Selbstständig machen ohne Eigenkapital

Viele träumen davon, aber nur Wenige wagen den Schritt in die Selbstständigkeit, unter anderem aufgrund von vermeintlich großen finanziellen Herausforderungen. Aber braucht man für die Ausübung einer selbstständigen Tätigkeit tatsächlich immer eine große Menge an Eigenkapital? Die Antwort lautet: Nein. Auch mit geringen finanziellen Mitteln kann eine Unternehmensgründung funktionieren. Wir haben die nötigen Hintergrundinformationen und liefern Tipps und Ideen für etwaige Geschäftsmodelle, Finanzierungsformen und Förderungsmöglichkeiten.

Sich selbstständig machen ohne Eigenkapital?

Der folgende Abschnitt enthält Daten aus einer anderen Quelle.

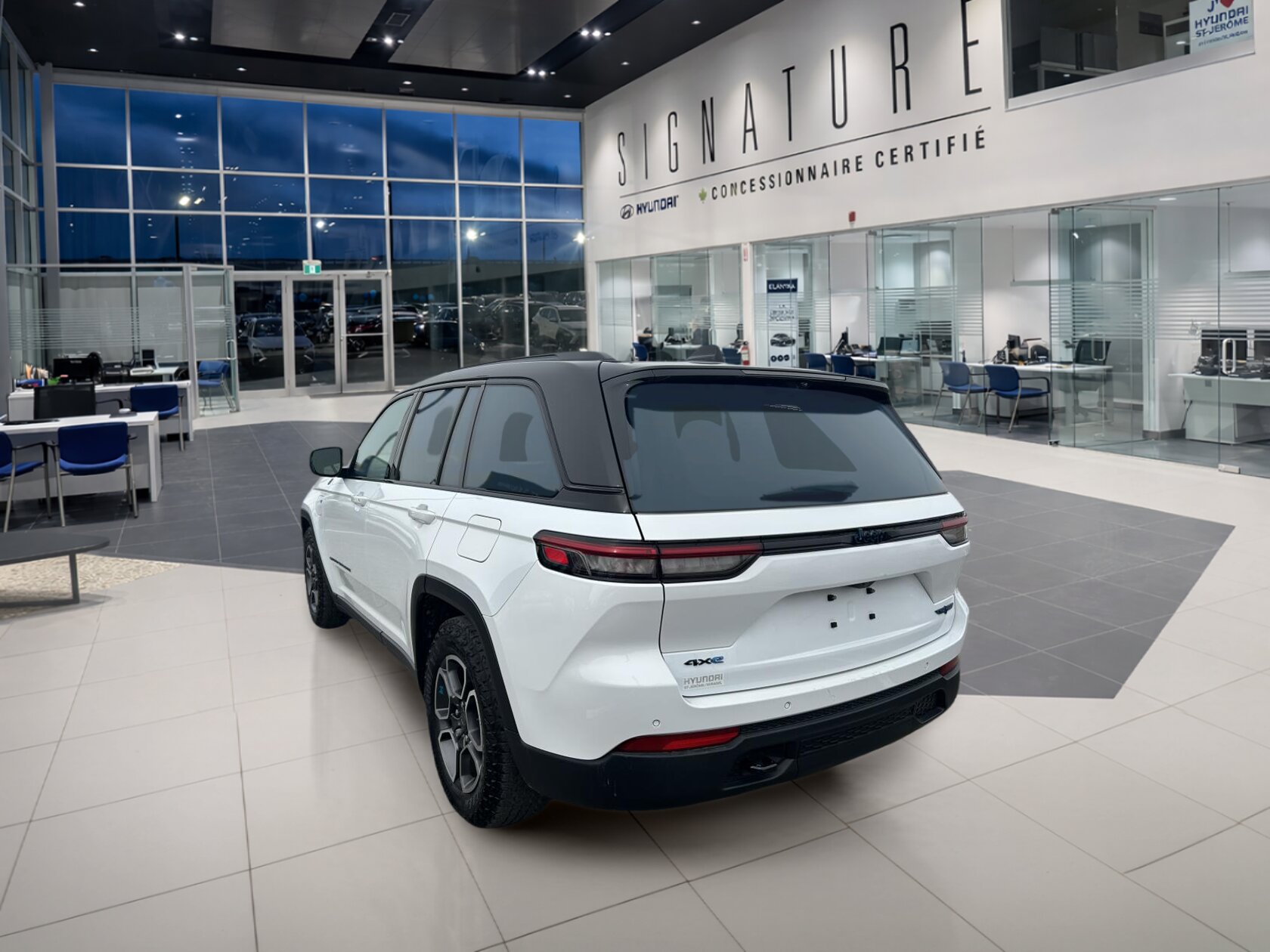 2023 Jeep Grand Cherokee 4xe - Image 7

Selbstständig machen ohne Eigenkapital – das klingt im ersten Moment vielleicht etwas merkwürdig. Doch der Weg in die Selbstständigkeit ist auch mit geringen Eigenkapitalmitteln möglich. Natürlich ist es eine große Herausforderung und erfordert viel Geduld und Durchhaltevermögen, aber unter gewissen Voraussetzungen kann man sich auch ohne große Eigenkapital-Reserven den Traum von der Selbstständigkeit erfüllen.

Grundvoraussetzung für eine erfolgreiche Umsetzung ist in erster Linie eine findige Geschäftsidee. Eine profunde Ausbildung oder gegebenenfalls die Bereitschaft zur Weiterbildung sind ebenfalls von Vorteil.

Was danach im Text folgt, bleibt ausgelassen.